#### Aim of the exercise
With pictures left out, output exactly the lines of the listing below from the line that has "北镇汽车送燃油救援,附近上门送燃油电话" to the line that has "濰坊市博物館榜上有名，是山東省第一批入選國有博物館", both lines kept.

(Beginning of Material provided)

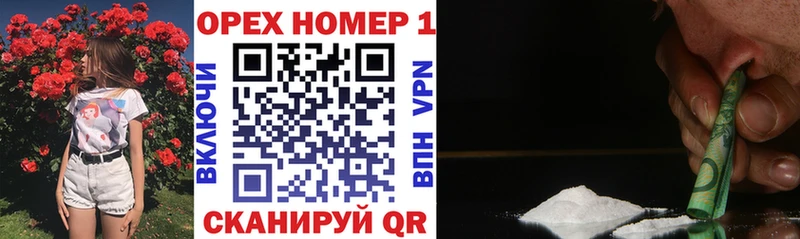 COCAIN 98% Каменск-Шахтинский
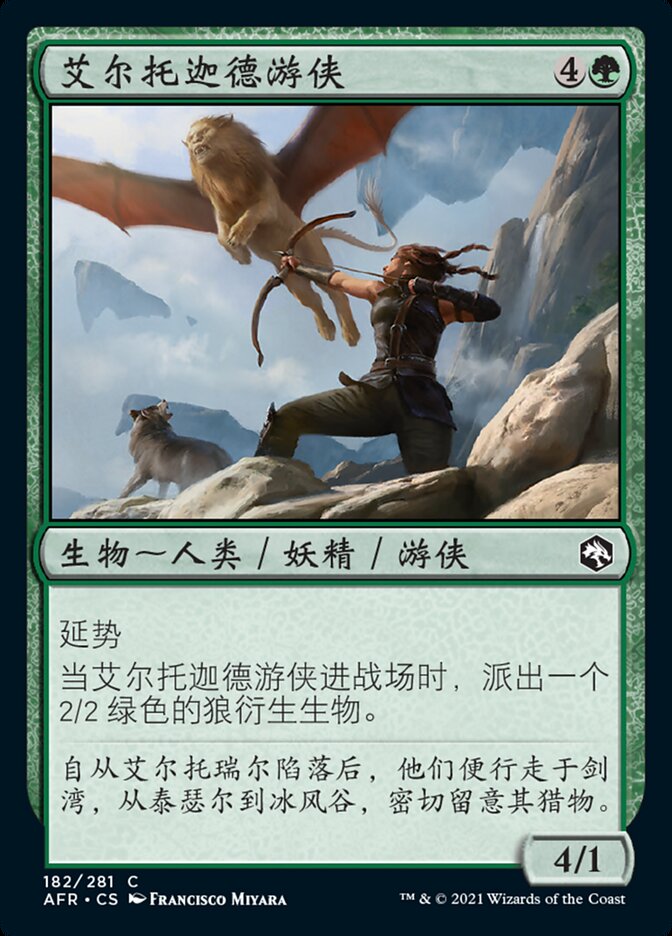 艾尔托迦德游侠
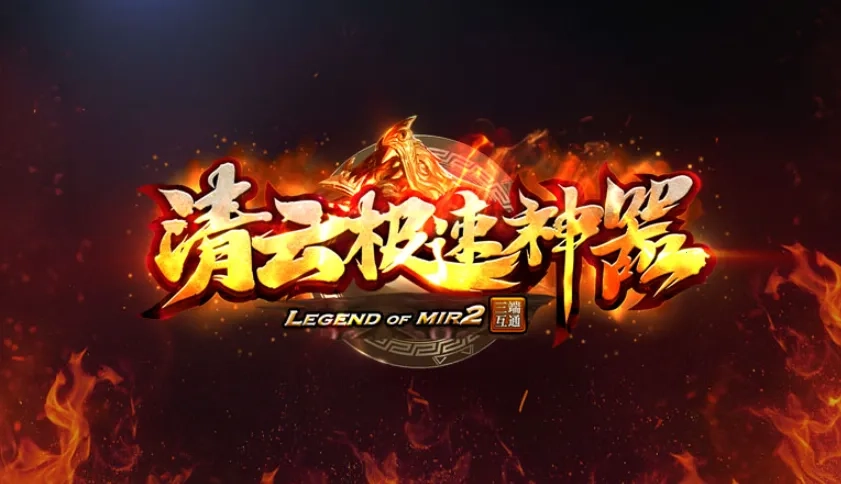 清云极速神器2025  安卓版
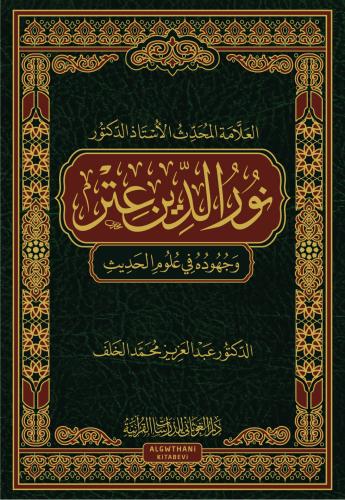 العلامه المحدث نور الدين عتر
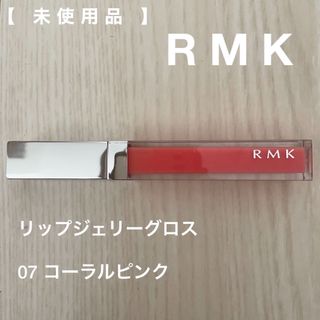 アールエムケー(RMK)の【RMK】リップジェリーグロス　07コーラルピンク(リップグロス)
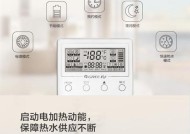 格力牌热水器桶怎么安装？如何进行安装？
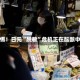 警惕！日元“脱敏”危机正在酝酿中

(End of Material provided)
(Beginning of Material provided)

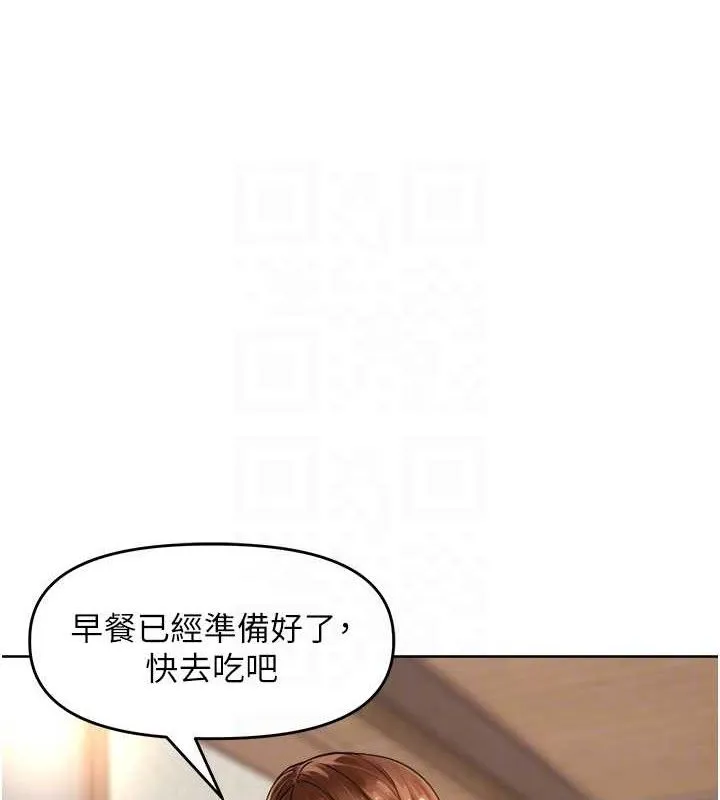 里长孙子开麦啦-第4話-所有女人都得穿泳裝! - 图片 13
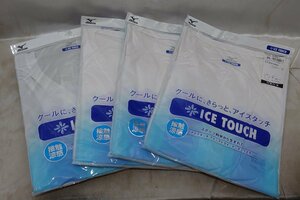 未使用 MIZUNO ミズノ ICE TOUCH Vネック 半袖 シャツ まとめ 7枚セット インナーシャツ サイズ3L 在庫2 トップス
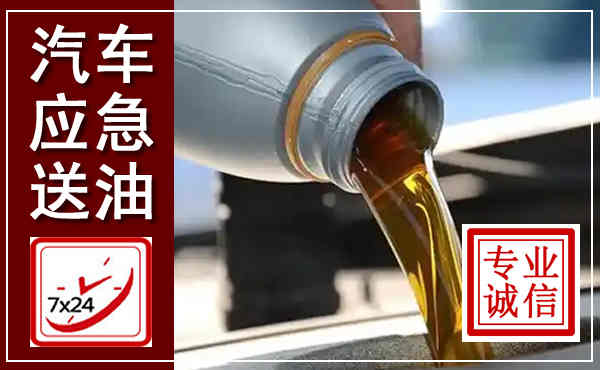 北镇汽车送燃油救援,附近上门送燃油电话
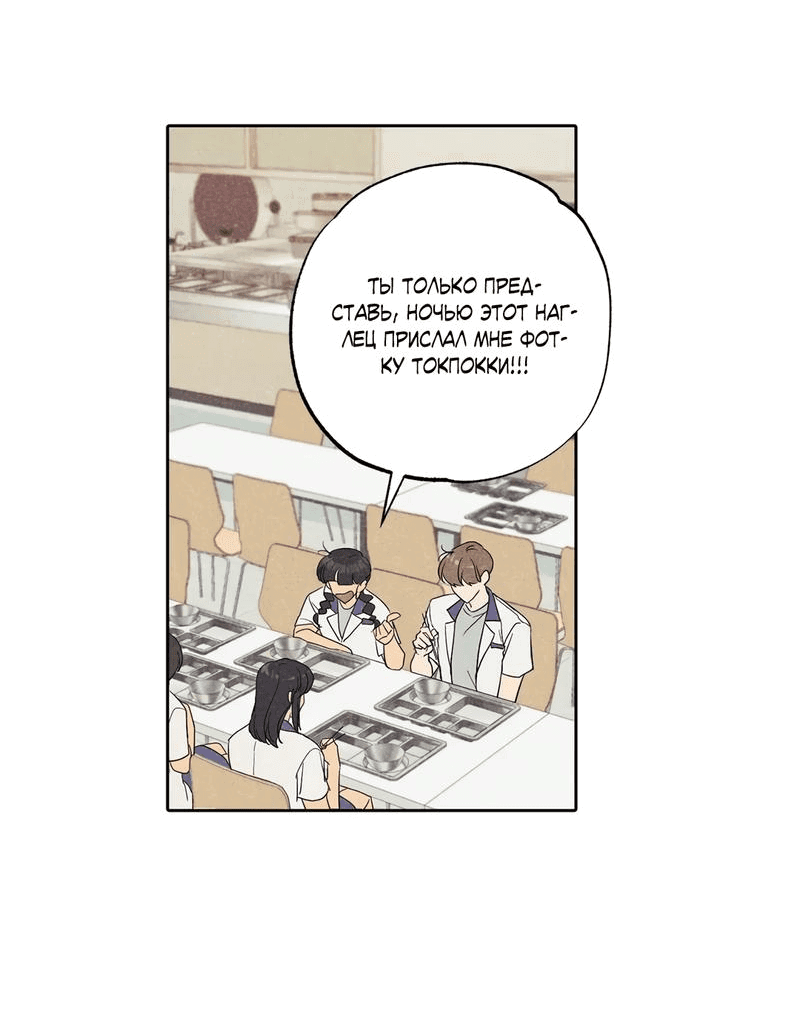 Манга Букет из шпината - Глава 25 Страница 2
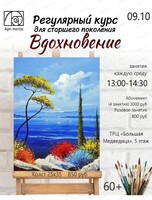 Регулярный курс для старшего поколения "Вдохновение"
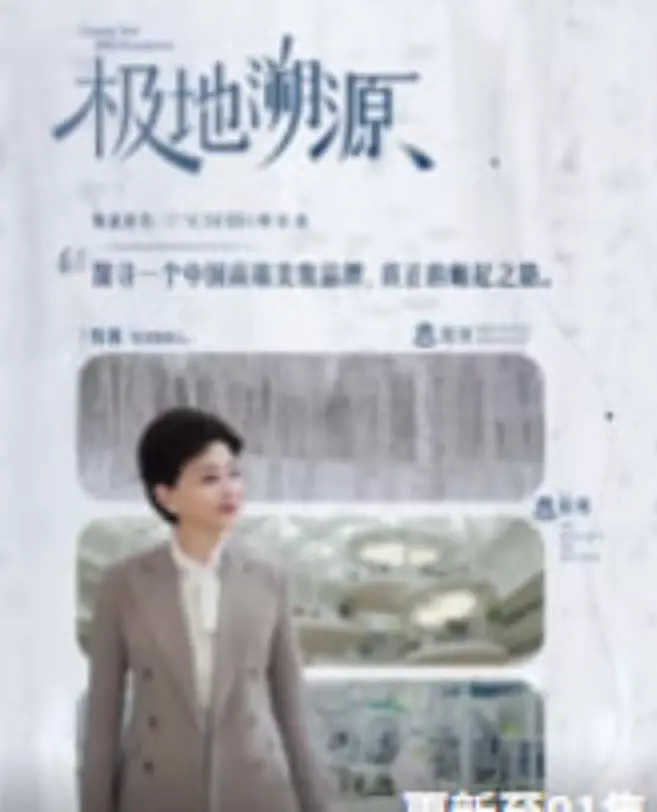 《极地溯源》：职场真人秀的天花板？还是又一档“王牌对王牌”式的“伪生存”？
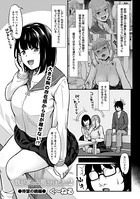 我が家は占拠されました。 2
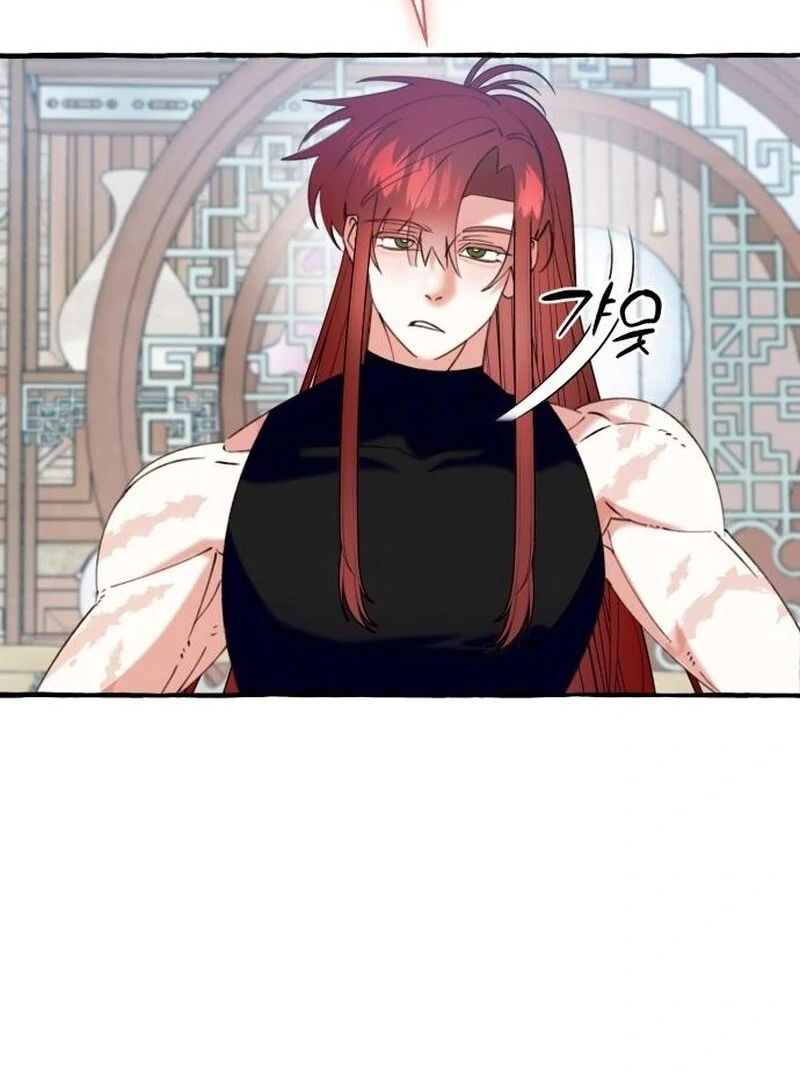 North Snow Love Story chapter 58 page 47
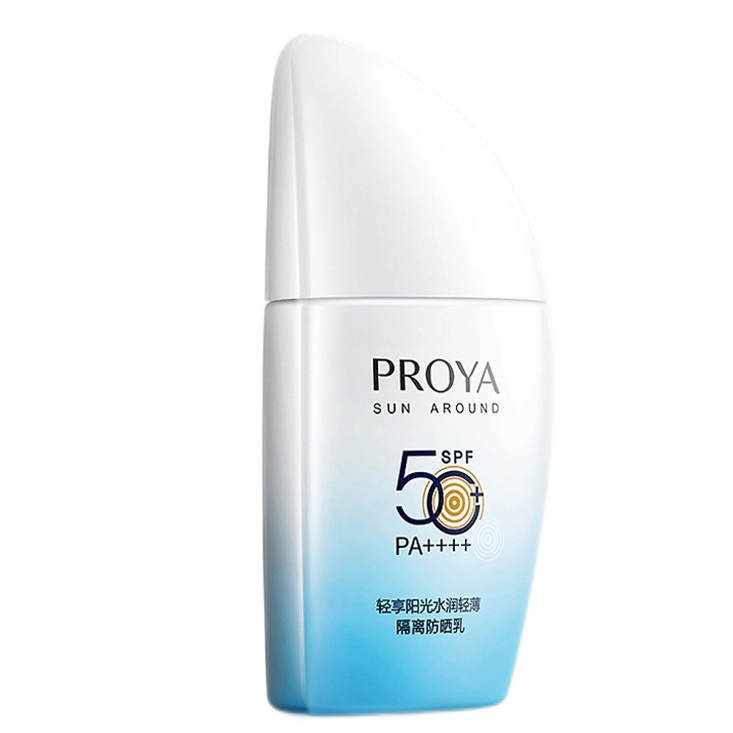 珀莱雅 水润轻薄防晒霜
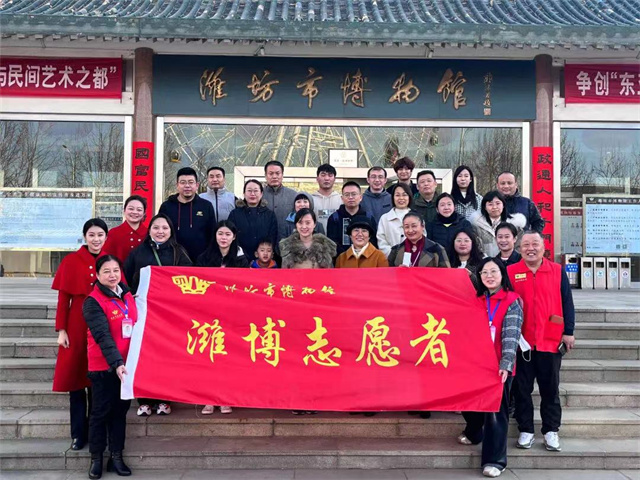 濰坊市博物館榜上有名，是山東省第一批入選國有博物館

(End of Material provided)

#### The completed task
 北镇汽车送燃油救援,附近上门送燃油电话
 Манга Букет из шпината - Глава 25 Страница 2
 Регулярный курс для старшего поколения "Вдохновение"
 《极地溯源》：职场真人秀的天花板？还是又一档“王牌对王牌”式的“伪生存”？
 我が家は占拠されました。 2
 North Snow Love Story chapter 58 page 47
 珀莱雅 水润轻薄防晒霜
 濰坊市博物館榜上有名，是山東省第一批入選國有博物館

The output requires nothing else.